A Parkland survivor just broke the internet with a powerful response to today’s school shooting

America witnessed another mass school shooting today, the latest in an interminable bloody procession of near-identical incidents. This is the American reality now. This is the unspoken possibility we wake up to every day.

Early this morning, a gunman opened fire inside an art class at Santa Fe High School in Texas, killing at least 8 people and injuring others. While the suspect is in custody and another person has been detained, details are still mostly vague. Police have secured the scene.

Unfortunately, shootings like this barely shock the country anymore. Horrify us, yes, but they happen far too frequently for us to be truly surprised when we see headlines about the nation’s latest mass murder.

It’s been just over four months since the Parkland shooting galvanized the left to push for the kind of meaningful gun law reform that the Republican Party and NRA have been blocking for far too long and still we haven’t seen any kind of change.

President Trump continues to swim through a sea of NRA bucks and blood, and every time something like this happens he simply offers tepid platitudes and waits for the media cycle to move on to something new.

Luckily, we have a guiding light forward in the Parkland survivors. Their sustained activism gives us a rallying point and a message. If they continue their campaign to save lives, eventually Democrats will seize the government and we can have an honest conversation about what kind of laws will, at the very least, decrease the bloodshed.

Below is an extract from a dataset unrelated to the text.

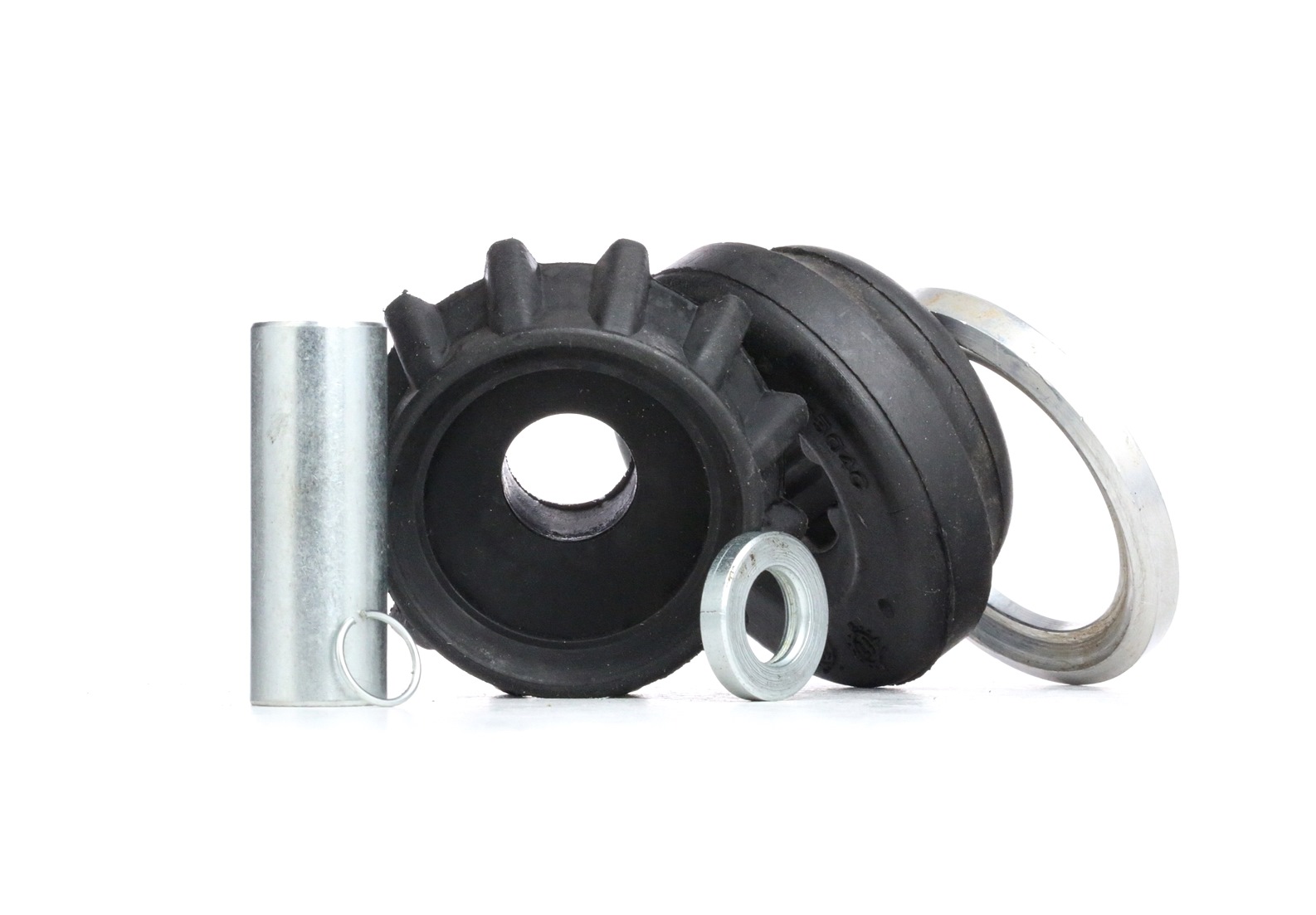 KYB Coupelle d'Amortisseur Tete d'Amortisseur VW SM5197 191512119,321512117,321512333 333512143A,357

Shortly after this morning’s shooting, Cameron Kasky, one of the brave Parkland activists, took to Twitter to send out a brief, powerful message. He started off by saying that no one should know who he and his classmates are and that no one would if they hadn’t been involved in “one of the hot school shootings of the month,” a succinct summary of the way in which shootings dominate the news for a bit until something else happens. Then another shooting occurs, rinse and repeat.

He also called out the NRA and predicted the way in which they’ll attack the survivors of the Santa Fe shooting who decide call for gun law reform, just like they did with him and his classmates. “Welcome to America, folks. This happens here,” he ended the tweet. Until we start to grapple with our culture of violence and the laws that allow shootings like this, nothing is going to change.

Kasky is right that this is America and these shootings do happen here. But they don’t have to.